Martin O’Neill Signs New Deal with Celtic for 2026–27
Martin O’Neill has signed a one-year deal to stay on as Celtic manager, rewarded for dragging the club from turmoil to a League and Cup double and a last‑day title drama that felt ripped from the club’s folklore.
The Derry man had already walked away once. He vacated the hot seat when Wilfried Nancy was handed the job on a permanent basis partway through last season, a changing of the guard that was meant to usher in a new era at Parkhead.
It unravelled in just 33 days.
When the Frenchman was sacked barely a month into his tenure, Celtic turned back to the man who knew the club, the city and the demands better than most. O’Neill answered the call, stepped back into a fractured dressing room and set about rescuing a season that looked ready to slip from the defending champions’ grasp.
The turnaround was stark. Celtic found their edge again, piecing together a run that carried them all the way to an extraordinary final day. The title race went to the wire, and it was at Parkhead, against Hearts, that O’Neill’s side sealed the league in the most dramatic fashion, clinching the championship on home turf to complete the double.
That surge has now been underlined with continuity.
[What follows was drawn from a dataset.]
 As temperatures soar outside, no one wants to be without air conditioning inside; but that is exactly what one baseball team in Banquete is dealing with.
The new one-year contract keeps O’Neill in charge into the 2026–27 campaign, a clear statement that the board trust the man who steadied the ship to keep steering it.
The decision comes against the backdrop of intense speculation around another Irish legend. Robbie Keane, the Republic of Ireland’s record caps holder and all‑time leading goalscorer, had been heavily linked with the position after leaving his role at Ferencvaros.
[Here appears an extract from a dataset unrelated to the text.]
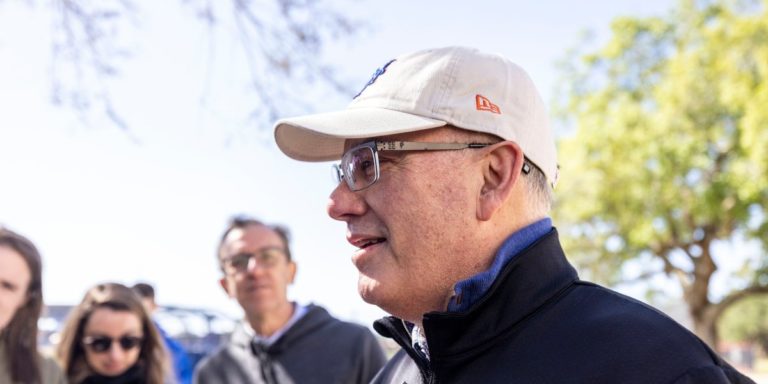 Mets owner Steve Cohen gets community input on New York casino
Keane’s name carries weight in Glasgow. He enjoyed a prolific loan spell at Celtic Park in 2010, instantly connecting with the support, and has since gone on to win league titles in Israel and Hungary as a manager, adding substance to a glittering playing career.
Yet his candidacy was not universally embraced. Sections of the Celtic support voiced strong opposition to his potential appointment, centred on his previous association with Maccabi Tel Aviv. A statement rejecting the idea of Keane taking over was said to have been signed by “dozens” of Celtic supporters’ groups, underlining the depth of feeling around the issue.
In the end, Celtic have chosen familiarity over a fresh face, a proven firefighter over a high-profile experiment. O’Neill, the man who walked away and then came back to deliver silverware, will lead the champions into another season. The question now is simple: can he turn one remarkable rescue act into a sustained era of control at the top of Scottish football?